The World’s End finds Gary King (Pegg) “puttin’ the band back together” in an attempt to recreate an abortive pub crawl twenty years earlier, though he encounters resistance from his old mates (Nick Frost, Paddy Considine, Martin Freeman, and Eddie Marsan), who have all grown up and left their childish ways behind them. Gary’s quest is complicated when he discovers that many of his hometown’s residents have been replaced by alien robot doppelgangers.

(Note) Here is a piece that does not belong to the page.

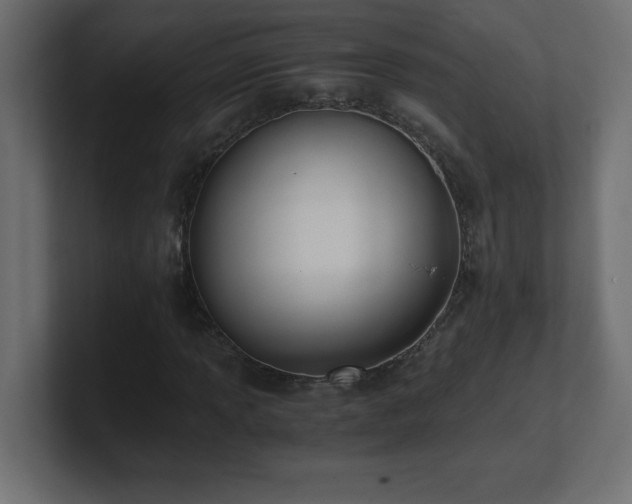 X0000100941013200806241422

I’ll admit to a certain degree of apprehension about this movie after Wright’s last directorial outing, Scott Pilgrim vs. the World, which had the fun quotient I had come to expect but literalized its video-game roots with a distancing lack of irony. But in Wright’s filmic homecoming (he’s been making movies with Pegg & Frost for almost ten years, and their Spaced collaboration on TV goes back even further), he recovers his unique directorial voice with a project that’s equal parts heartwarming and hilarious.

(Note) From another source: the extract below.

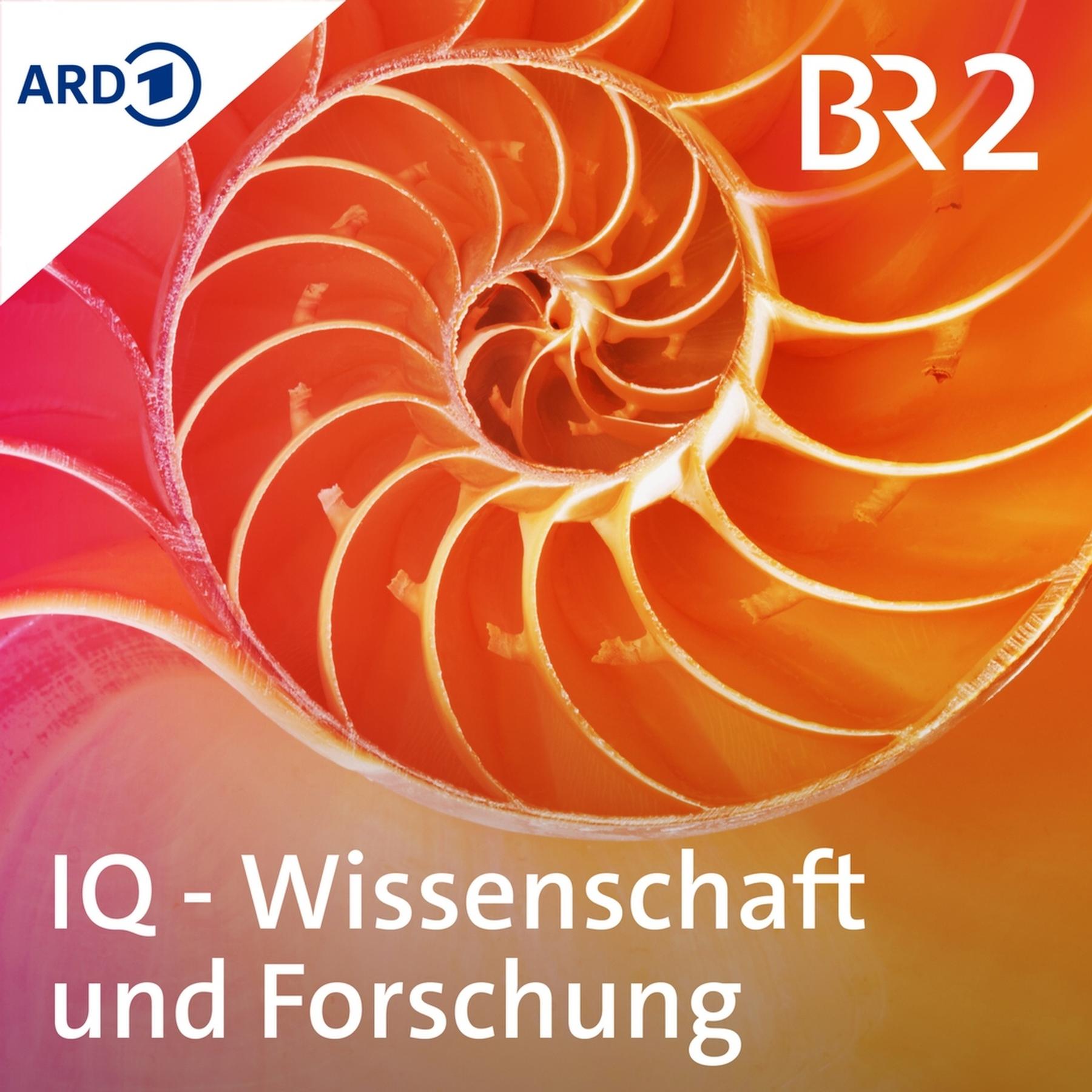 Magnetfeld der Sonne - Ist das ihr letztes Rätsel?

The key is Wright’s deft ability (with cowriter Pegg) to navigate tonal shifts without compromising his film’s own unique identity. In a summer blockbuster season that’s seen empty characterization (Pacific Rim) and tonally schizophrenic tilt-a-whirls (Kick-Ass 2), it’s a relief to see a film like The World’s End, which manages to juggle satire, spoof, comedy, nostalgia, genuine science-fiction, and moving character drama all in one bundle. As scene-stealers go, it’s hard to do better than Eddie Marsan’s turn as Peter Page, who handles his sad sack role with aplomb; in a key bathetic monologue, he reveals his feelings of finitude, but his giddy one-liners fit perfectly within the bounds of his character because the film takes the time to get us to care about him before making him narratively significant.
It’s a weird, almost perfunctory moment when the film switches from beer-guzzling comedy to ooky sci-fi, as though Wright remembered halfway through editing that he needed to satirize a film genre as he had in Shaun and Fuzz. But it’s not a requirement that impinges on the film; indeed, Wright’s greatest success is convincing us to care about his characters long before asking us to follow them on an insane journey. He’s given an assist by some really capable performances; Pegg and Frost switch roles for this film, with Pegg as the loser and Frost as the blue-collar worker, and it’s a role reversal that works better than expected, allowing each actor to remain fresh in a new role.
It doesn’t quite pass the Bechdel test, but The World’s End manages to be tons of fun with an equal serving of well-written heart. There are plenty of winks and nods to devotees of the genre or just to Cornetto Trilogy aficionados (the ice cream appears, as does the fence), but even taken solely on its own The World’s End is really just a solid movie all the way around. It does everything a movie ought to do – entertain, amuse, move, provoke – and is a much finer cap to the summer movie season than I was expecting. If this is how the world ends, bring on the afterlife.
The World’s End is rated R for “pervasive language including sexual references.” You know the drill: it’s comparable to Shaun and Fuzz in quantity of F- and C-bombs dropped. The blood in this one is almost entirely blue (literally, the color blue) and played for comic effect. We see a man’s bare buttocks once, and the men describe offbeat sexual acts in-depth (the “marmalade sandwich” – two blondes and a redhead – being a tame example).